Kalleske “Buckboard” Durif, Barossa Valley, 2014
Single vineyard, new and used American oak.
Earthy and dense. Smells of soil, warm espresso grounds, tobacco, violets, prunes and caramel tinged vanilla creme. Thick, chewy and a touch hot. The acid is well marked towards the high side. Leather, asphalt and dusty purple fruits fight for attention over mouth puckering tannin. The sweet caramel from the oak influence lingers long. This is a beast for the moment and demands appropriate spit roasted animal to balance the structure.
Kalleske “Eduard” Old Vine Shiraz, Barossa Valley, 2013
Made from vines planted 1903 – 1973. Spends 2 years in Hogsheads. Profound and perfumed. Primary fruit mixes with mature old vine smells. Leather, warm blackberry coulis, black cherries, peppercorns all dance and swirl and swirl and dance. Enrapturing.

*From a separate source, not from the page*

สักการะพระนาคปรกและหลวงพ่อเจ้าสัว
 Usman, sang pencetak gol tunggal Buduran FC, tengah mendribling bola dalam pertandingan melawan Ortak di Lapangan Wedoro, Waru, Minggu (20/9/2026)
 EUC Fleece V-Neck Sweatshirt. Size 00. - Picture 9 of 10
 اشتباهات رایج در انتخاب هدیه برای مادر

Instant class is unmistakeable on the palate. The Kalleske signature that creates an essence to the wine that borders opulence but never pushes to syrup.Exquisite Barossa flavours of deep red and black fruits, cherries, plums which ebb and flow back and forth with bittersweet Plaistow chocolate. Carries its weight regally across shoulders broader than the bottle can seemingly contain. This has to be up there with the newest Barossa benchmarks.